Infância roubada

Sylvia Colombo

O filme que representará a Argentina no próximo Oscar está em cartaz em Buenos Aires e levando o público às palmas ao fim das sessões. Trata-se de “Infância Clandestina”, mais uma produção que enfoca o período da ditadura militar (1976-1983), mas que aborda o tema com muita sensibilidade e um olhar original.

Juan (Teo Gutierrez Moreno) é filho de pais montoneros e, por conta da atuação política dos pais, teve de viver exilado no Brasil e no México. Em 1979, em plenos anos de chumbo, a família decide voltar à Argentina. Os pais integram o delirante projeto da “contra-ofensiva”, através do qual os guerrilheiros planejavam derrubar o regime militar. A empreitada terminou num rotundo fracasso.

Ao chegarem, Juan, além de estranhar o frio argentino, precisa mudar de nome e passa a chamar-se Ernesto, em homenagem a Ernesto “Che” Guevara. Os três passam a viver numa pequena casa disfarçada de depósito de doces. A ideia é não chamar a atenção para o que realmente se passava dentro daquelas quatro paredes: reuniões de militantes que planejavam ações de guerrilha.

O garoto passa a observar tudo, as pessoas entrando com os olhos vendados em casa, a tensão entre o pai e a mãe, a força com que acreditavam em sua ideologia. No tio, Beto (Ernesto Alterio), Juan tem um amigo e uma janela para o mundo das emoções, tão reprimidas por seus pais. Tio Beto quer que ele tenha festas, que dance, que namore e que aproveite a vida o máximo possível.

Aos poucos, Juan vai se dando conta de que os pais estão numa espécie de transe e começa a ponderar sobre o quanto vale à pena sua luta. Nesse meio tempo, convive, no colégio, com a ideia de viver sob uma falsa identidade, e apaixona-se por uma colega que o faz sentir vontade de enfrentar os pais.

O filme é muito doce e as cenas em que a violência têm lugar são representadas por meio de desenhos. A trilha sonora, com tangos e canções de protesto da época, é muito bem elaborada e dá vigor à narrativa.

As cenas cruciais para o processo de amadurecimento de Juan são marcadas pela política. A visita da avó, que tenta alertar os pais do perigo em que estão colocando a família e tentando convence-los a deixar o país novamente, a festa de aniversário que ele é obrigado a fazer numa data diferente, uma vez que fazia parte do seu disfarce. Ou, ainda, o momento em que se recusa a hastear a bandeira na escola por se tratar da mesma que usavam os militares.
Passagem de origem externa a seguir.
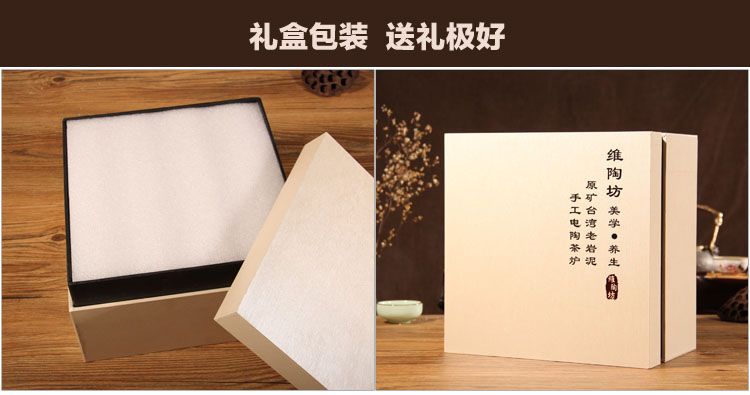 
                                        典工堂电茶炉台湾老岩泥电陶炉迷你烧水小电炉 铁壶专用低音版茶具配件 百福临门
Pessoalmente, gostei mais do filme que ficou em segundo lugar na votação da Academia de Cinema e Artes da Argentina, “El Último Elvis”, que já comentei nesse espaço. Mas “Infância Clandestina” não fica muito atrás, trazendo ótimas interpretações e um roteiro cheio de significados para o presente político do país. Num momento em que o governo kirchnerista tem feito elogios à atuação dos montoneros, o filme apresenta a dose certa de crítica ao movimento, sem desmerecer a luta do grupo. Talvez essas sutilezas fiquem cifradas para o público brasileiro, mas ainda assim o filme não perde a força.

Uma co-produção com o Brasil, o filme tem como realizador Luis Puenzo (“A História Oficial”) e direção de Benjamin Ávila, também ele filho de uma montonera desaparecida durante a ditadura. Com “Infância Clandestina”, a Argentina tentará sensibilizar a Academia de Hollywood mais uma vez com uma história que tem a ditadura como personagem. Também mais uma vez, a apresentará com um olhar criativo e sensível. Suas chances não serão pequenas.